Torquato Tasso
Description
The bottom half of this painting by the German artist A.R. Penck is largely taken up by the silhouette of a nude woman painted in green and blue paint. On her body a few simple signs and a head have been painted in black. From her feet, Penck painted a sort of chain of signs, also in black, which stretches from the bottom-left to the top-right corner of the painting. In addition, spread over the entire canvas there are strokes of yellow and red paint. The text “ROMA AETERNA ODER ERLEUCHTUNG des TORQUATO TASSO”, and the signature “RALF” can be seen at the bottom right.
From 1961 Penck developed a sign language which was related both to prehistoric rock paintings and to contemporary pictograms. He considered art as a means of communication and aimed for an iconography which could be understood by a broad general public. He created images to draw the viewer’s attention to the truth and the reality he lived in. Up to 1980 Penck lived in the former East Germany, where the freedom of the individual was greatly restricted, both politically and artistically. He was already in contact then with the West German painters, Immendorf and Baselitz, and in 1980 he defected to the west.

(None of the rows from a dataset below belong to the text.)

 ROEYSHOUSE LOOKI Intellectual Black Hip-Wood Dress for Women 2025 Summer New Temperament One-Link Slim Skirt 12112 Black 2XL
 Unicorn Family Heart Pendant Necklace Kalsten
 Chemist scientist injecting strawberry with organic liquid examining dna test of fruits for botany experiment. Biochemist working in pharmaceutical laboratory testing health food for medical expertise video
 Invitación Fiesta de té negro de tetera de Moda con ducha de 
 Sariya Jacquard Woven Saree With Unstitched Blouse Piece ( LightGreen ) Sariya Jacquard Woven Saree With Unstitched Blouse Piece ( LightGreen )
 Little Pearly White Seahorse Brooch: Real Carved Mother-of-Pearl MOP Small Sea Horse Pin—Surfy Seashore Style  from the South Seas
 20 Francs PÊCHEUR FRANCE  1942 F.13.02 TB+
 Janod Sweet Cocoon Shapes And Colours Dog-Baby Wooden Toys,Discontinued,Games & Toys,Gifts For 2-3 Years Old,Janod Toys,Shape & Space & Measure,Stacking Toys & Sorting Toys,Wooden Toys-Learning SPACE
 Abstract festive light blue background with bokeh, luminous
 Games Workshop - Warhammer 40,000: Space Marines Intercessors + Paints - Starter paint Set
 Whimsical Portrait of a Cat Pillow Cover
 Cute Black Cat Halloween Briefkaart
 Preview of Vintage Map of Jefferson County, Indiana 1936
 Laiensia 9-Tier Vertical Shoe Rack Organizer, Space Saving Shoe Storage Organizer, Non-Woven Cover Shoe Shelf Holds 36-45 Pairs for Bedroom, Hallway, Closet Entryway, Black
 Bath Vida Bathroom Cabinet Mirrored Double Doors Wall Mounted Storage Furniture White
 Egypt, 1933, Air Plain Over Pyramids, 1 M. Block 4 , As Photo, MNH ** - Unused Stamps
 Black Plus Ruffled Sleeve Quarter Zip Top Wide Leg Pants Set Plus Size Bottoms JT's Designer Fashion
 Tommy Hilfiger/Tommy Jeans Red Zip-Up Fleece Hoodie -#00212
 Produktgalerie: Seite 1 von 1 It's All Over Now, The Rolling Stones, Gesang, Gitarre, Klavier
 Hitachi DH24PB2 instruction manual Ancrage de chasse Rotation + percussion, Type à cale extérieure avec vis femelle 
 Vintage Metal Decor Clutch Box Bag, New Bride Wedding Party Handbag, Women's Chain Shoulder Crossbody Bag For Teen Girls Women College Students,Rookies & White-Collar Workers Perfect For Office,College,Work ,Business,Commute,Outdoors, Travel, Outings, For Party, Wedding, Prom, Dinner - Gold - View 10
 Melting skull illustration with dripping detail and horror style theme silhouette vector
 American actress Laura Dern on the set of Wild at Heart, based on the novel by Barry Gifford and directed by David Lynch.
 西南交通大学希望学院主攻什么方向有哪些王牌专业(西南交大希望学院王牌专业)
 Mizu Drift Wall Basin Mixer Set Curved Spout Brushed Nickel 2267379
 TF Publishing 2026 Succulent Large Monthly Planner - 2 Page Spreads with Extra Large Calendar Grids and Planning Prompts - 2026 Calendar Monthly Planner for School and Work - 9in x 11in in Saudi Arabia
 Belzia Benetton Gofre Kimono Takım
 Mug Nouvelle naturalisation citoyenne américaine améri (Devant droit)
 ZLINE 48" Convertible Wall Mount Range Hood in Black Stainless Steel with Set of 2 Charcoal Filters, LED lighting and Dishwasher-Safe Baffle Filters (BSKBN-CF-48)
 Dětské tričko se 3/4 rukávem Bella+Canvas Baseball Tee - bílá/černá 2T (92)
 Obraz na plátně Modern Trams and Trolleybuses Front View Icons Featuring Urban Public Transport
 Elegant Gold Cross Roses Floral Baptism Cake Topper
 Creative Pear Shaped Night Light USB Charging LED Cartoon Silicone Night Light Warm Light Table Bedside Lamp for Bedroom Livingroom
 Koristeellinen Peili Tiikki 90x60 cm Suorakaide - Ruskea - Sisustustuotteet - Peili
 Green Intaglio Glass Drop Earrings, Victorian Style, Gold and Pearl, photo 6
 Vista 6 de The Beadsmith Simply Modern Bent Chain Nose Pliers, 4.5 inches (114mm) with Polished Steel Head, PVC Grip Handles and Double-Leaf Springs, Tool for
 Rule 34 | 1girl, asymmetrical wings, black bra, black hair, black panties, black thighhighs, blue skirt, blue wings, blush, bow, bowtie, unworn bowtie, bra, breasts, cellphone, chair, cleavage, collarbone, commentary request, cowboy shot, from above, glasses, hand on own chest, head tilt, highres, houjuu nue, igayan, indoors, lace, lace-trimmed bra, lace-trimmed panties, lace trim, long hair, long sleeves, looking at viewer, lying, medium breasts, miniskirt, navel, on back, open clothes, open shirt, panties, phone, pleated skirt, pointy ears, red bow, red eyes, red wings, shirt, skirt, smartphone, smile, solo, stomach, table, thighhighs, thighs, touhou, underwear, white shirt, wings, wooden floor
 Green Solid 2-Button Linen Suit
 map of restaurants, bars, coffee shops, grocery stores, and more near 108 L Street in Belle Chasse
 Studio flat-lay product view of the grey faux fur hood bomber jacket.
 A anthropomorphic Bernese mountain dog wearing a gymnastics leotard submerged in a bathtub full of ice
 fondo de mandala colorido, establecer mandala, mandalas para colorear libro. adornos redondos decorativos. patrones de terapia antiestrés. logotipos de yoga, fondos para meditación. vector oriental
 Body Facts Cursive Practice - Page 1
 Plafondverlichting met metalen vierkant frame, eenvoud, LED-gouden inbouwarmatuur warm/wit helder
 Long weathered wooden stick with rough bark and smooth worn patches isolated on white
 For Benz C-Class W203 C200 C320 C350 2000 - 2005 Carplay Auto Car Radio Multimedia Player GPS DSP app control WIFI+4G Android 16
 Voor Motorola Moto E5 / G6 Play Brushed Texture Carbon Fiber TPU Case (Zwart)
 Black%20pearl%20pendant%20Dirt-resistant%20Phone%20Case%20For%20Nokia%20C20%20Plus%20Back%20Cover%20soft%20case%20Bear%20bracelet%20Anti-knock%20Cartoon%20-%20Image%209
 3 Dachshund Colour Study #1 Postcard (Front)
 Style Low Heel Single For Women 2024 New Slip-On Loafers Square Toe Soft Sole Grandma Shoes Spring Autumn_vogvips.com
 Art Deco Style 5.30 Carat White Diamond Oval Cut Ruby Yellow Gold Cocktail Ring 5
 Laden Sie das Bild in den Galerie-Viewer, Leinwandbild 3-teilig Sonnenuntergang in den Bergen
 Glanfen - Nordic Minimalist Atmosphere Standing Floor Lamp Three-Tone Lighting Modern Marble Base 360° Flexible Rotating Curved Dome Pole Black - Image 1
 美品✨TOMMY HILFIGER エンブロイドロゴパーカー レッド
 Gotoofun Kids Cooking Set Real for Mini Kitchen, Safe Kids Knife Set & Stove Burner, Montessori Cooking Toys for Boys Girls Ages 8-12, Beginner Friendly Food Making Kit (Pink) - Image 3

His work is sometimes classified as Neo-Expressionism. The painting 'Torquato Tasso' can be seen as a plea for freedom and liberty. Torquato Tasso was a 16th-century writer/poet and in his epic tale “Gerusalemme liberata” he wrote the history of the First Crusade. The German poet Goethe devoted a play to Tasso in which the protagonist is the artist who comes into conflict with society because of his own wilfulness. Penck’s fear was that the freedom of human existence was threatened by uncontrollable systems, and he combated this with images. His works are direct expressions of his thoughts and feelings. Sometimes the message can be understood directly, but sometimes more prior knowledge is required. A work such as 'Torquato Tasso' not only expresses the story behind it. The way in which it is painted – semi-figurative and semi-abstract – in bright colours and with strong movements, can be seen as a scream for freedom.